-- Data listing follows --

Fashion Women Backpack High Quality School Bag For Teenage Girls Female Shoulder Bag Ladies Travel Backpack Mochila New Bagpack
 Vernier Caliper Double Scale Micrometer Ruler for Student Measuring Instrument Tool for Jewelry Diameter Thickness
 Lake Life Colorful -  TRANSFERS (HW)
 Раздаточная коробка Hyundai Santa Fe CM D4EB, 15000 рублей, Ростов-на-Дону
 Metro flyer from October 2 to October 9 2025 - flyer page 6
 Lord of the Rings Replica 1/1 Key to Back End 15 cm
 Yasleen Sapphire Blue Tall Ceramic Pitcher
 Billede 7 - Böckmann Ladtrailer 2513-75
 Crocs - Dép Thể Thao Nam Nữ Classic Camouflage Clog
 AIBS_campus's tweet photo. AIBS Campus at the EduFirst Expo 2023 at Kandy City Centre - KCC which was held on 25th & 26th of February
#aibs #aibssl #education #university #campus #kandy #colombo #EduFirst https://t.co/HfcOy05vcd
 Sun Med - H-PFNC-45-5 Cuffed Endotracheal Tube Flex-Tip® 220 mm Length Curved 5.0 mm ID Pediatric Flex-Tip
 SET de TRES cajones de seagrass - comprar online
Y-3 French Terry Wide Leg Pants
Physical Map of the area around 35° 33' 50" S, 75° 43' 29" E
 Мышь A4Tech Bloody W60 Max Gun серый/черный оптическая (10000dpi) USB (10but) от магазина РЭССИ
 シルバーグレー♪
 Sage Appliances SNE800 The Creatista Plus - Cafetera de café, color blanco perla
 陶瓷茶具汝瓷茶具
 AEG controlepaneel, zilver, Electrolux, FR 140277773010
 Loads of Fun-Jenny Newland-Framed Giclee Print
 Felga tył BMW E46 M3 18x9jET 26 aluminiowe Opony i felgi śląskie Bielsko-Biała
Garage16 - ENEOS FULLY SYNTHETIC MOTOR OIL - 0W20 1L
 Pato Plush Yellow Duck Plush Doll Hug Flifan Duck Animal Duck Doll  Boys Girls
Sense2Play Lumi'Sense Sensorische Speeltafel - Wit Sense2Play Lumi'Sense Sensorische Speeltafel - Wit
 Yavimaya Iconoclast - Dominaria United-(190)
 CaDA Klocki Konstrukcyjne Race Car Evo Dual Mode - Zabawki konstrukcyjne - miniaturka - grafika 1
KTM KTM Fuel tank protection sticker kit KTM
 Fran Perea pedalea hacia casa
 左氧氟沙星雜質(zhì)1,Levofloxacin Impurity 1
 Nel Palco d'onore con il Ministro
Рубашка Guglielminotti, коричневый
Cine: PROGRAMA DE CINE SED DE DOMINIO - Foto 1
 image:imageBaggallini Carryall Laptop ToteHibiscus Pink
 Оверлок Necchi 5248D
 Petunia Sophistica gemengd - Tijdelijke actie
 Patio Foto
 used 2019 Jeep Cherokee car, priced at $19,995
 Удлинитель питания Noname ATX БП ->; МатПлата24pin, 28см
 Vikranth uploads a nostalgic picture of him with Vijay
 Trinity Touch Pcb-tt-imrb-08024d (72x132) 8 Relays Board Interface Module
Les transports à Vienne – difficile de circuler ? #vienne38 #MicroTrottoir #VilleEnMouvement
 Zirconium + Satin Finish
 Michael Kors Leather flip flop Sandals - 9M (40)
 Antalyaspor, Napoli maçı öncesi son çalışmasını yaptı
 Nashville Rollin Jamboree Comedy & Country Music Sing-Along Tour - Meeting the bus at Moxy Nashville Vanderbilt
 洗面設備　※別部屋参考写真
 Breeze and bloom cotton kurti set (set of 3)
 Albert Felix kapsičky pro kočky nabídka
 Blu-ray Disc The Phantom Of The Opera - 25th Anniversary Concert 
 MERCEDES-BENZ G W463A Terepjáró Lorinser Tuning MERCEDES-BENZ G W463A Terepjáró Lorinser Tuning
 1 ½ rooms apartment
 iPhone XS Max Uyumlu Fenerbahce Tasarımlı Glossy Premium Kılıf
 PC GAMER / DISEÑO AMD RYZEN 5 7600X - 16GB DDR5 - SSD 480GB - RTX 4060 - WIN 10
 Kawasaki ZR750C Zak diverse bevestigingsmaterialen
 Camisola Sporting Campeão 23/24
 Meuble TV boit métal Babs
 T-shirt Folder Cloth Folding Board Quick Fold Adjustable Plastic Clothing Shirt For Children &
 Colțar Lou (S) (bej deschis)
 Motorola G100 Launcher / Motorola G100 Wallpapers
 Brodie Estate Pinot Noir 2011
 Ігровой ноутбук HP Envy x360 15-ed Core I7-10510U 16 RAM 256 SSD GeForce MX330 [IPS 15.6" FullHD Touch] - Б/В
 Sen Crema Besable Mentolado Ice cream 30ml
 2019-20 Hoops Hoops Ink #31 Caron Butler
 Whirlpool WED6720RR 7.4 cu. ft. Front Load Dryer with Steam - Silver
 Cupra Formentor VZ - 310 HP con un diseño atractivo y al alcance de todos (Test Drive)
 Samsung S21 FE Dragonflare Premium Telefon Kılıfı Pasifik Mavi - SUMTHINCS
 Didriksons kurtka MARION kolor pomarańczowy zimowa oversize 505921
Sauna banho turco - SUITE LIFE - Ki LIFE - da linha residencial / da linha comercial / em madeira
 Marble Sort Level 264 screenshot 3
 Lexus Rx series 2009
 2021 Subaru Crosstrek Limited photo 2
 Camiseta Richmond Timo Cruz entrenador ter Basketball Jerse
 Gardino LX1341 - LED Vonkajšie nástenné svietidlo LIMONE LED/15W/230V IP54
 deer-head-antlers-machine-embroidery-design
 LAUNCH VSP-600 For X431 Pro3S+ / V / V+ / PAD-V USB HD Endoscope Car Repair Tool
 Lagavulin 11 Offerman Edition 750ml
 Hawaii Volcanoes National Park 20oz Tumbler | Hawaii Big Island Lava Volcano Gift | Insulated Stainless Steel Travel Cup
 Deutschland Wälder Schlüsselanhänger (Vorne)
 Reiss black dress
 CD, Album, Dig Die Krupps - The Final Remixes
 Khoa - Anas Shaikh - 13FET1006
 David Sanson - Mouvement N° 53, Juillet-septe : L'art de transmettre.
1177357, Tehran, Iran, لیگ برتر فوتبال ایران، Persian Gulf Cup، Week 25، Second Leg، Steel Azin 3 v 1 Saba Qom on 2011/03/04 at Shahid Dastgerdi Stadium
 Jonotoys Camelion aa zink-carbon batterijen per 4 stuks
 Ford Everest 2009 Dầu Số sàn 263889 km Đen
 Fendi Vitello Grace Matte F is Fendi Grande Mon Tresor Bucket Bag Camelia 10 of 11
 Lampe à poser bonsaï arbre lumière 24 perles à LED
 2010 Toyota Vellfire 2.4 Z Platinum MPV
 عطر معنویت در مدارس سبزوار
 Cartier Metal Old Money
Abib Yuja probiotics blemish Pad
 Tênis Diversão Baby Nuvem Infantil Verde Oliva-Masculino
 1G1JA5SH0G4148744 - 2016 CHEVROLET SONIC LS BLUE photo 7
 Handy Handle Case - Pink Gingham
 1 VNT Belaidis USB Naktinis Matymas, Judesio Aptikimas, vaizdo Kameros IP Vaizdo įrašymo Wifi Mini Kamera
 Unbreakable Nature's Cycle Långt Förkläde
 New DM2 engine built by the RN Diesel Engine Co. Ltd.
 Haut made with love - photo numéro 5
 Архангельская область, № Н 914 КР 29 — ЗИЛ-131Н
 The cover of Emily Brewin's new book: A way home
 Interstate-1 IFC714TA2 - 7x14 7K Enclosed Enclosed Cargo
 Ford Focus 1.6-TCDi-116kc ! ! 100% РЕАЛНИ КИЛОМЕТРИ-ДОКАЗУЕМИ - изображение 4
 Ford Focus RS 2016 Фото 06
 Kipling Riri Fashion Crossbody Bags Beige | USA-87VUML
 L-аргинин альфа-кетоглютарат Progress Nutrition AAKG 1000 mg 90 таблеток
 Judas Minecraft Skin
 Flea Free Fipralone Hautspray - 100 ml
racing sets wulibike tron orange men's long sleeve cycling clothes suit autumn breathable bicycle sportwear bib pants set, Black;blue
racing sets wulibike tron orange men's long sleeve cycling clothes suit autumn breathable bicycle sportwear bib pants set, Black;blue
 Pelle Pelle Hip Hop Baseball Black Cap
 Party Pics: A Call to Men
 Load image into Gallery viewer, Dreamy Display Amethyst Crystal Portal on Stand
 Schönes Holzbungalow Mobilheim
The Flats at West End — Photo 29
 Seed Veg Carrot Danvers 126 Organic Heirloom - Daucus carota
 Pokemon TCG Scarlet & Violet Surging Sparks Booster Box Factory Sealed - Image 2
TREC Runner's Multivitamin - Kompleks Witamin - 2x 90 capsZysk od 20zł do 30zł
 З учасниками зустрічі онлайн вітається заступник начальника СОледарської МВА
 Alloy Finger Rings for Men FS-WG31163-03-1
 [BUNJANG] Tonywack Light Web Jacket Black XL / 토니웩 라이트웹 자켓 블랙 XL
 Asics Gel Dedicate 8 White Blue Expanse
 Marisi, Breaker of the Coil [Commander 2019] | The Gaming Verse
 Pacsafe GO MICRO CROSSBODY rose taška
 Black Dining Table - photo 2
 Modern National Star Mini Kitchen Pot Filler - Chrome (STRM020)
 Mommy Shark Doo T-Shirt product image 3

-- Data listing concluded --

_What is needed_: Write down every line of the data above that includes the string "Shirt".

_Exercise solution_:
 T-shirt Folder Cloth Folding Board Quick Fold Adjustable Plastic Clothing Shirt For Children &
 Mommy Shark Doo T-Shirt product image 3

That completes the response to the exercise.